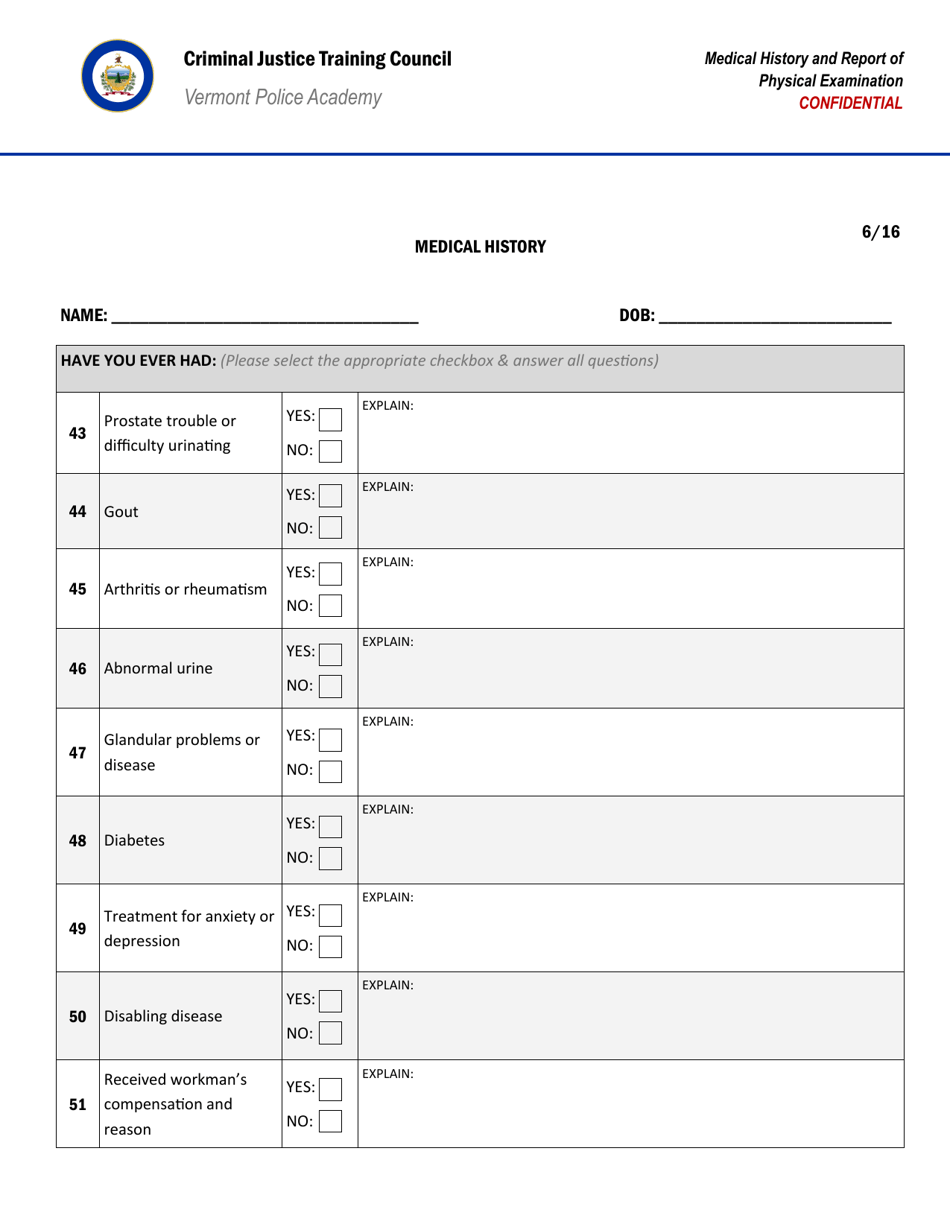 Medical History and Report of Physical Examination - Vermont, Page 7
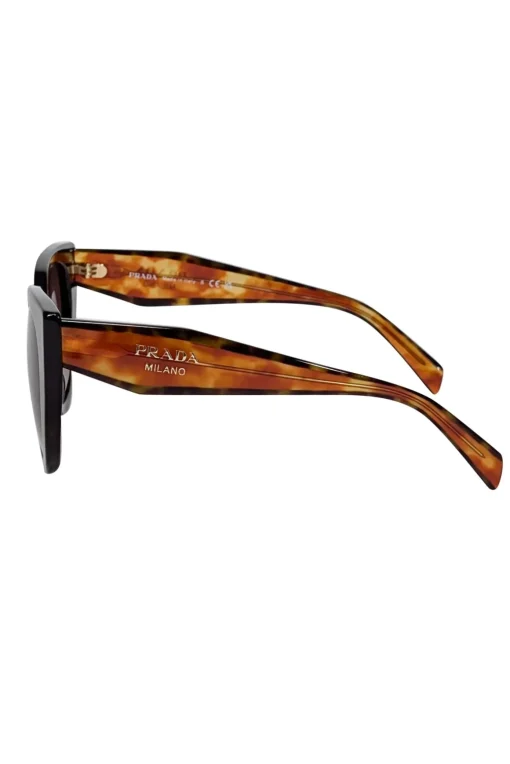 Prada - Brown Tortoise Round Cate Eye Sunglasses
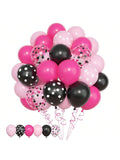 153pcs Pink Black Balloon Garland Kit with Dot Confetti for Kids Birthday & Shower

§ What you are asked to do
The expected output is the whole listing, word for word, minus its pictures.

§ Result
 Medical History and Report of Physical Examination - Vermont, Page 7
 Prada - Brown Tortoise Round Cate Eye Sunglasses
 153pcs Pink Black Balloon Garland Kit with Dot Confetti for Kids Birthday & Shower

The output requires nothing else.